3 autoscaling challenges & how to overcome them with a virtual waiting room

Published: 26 Mar 2024

Updated: 17 Apr 2025

abstract chart showing sudden increase in traffic

Autoscaling is an essential first step for any organization dealing with fluctuating levels of online demand. But autoscaling isn’t a comprehensive solution for crash prevention. Its shortcomings can crash your website and spike costs on your biggest days. Discover the three key challenges to successful autoscaling and how you can overcome them with a virtual waiting room.

Autoscaling is critical for any business dealing with fluctuating traffic levels. It enables your servers to automatically adjust their computing power based on current load.

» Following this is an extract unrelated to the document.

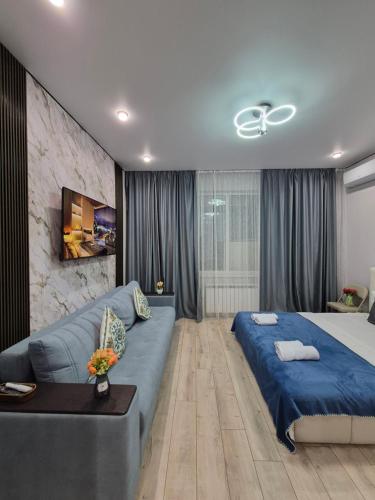 Postel nebo postele na pokoji v ubytování Сердце города & City Center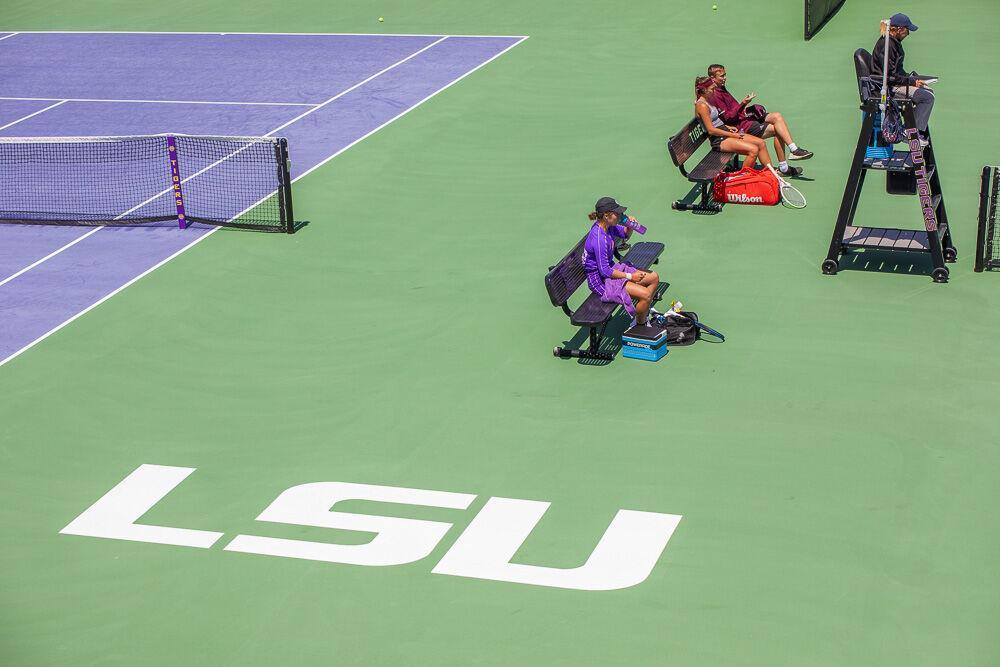 LSU women&#8217;s tennis junior Nina Geissler rests on the bench before the next serve Friday, April 8, 2022, during LSU&#8217;s 7-0 loss against Texas A&amp;M in the LSU Tennis Complex on Gourrier Avenue in Baton Rouge.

With autoscaling, your server capacity can temporarily expand and shrink according to your needs. This reduces the need to make predictions about traffic levels and makes your system more elastic and reactive.

Autoscaling saves money on the quiet days and preserves performance on the big ones.

Or at least that’s the hope.

While this is what autoscaling does, it’s a bit more complicated than that. And as anyone who hosts a high traffic website knows, autoscaling isn’t the “cure-all” it sounds like.

Many of the companies that come to Queue-it looking to prevent website crashes already have autoscaling set up but continue to face issues when traffic surges.

Discover the three key shortcomings of autoscaling, hear concrete examples of why companies with autoscaling still suffer from site crashes, and learn how a virtual waiting room can protect your site in ways autoscaling can’t.

Autoscaling is complex
Autoscaling is reactive
Autoscaling is (often) expensive

1. Autoscaling is complex

The main barrier to successful autoscaling is that scaling to handle large traffic requires scaling all essential components of your tech stack.

While scaling your servers on the cloud may be relatively easy, getting each distinct component of your tech stack to scale—either automatically or manually—is a difficult, expensive, and sometimes impossible task.

When Canadian Health Center NLCHI was facing massive traffic spikes, for example, they thought scaling their servers on AWS would help.

But as Andrew Roberts, the Director of Solution Development and Support told us, “this just brought the bottleneck from the frontend to the backend.”

This is all too common. As you scale, new bottlenecks almost always emerge.

These bottlenecks can come from dozens of potential places. Some of the most common one’s we’ve seen include:

Payment gateways
Database locks & queries (e.g. logins, updating inventory databases)
Building cart objects (add to cart or checkout processes, tax calculation services, address autofill)
Third-party service providers (authentication services, fraud services)
Site plugins
Synchronous transactions (e.g. updating inventory databases while processing orders and payments)
Dynamic content (e.g., recommendation engines, dynamic search & filters)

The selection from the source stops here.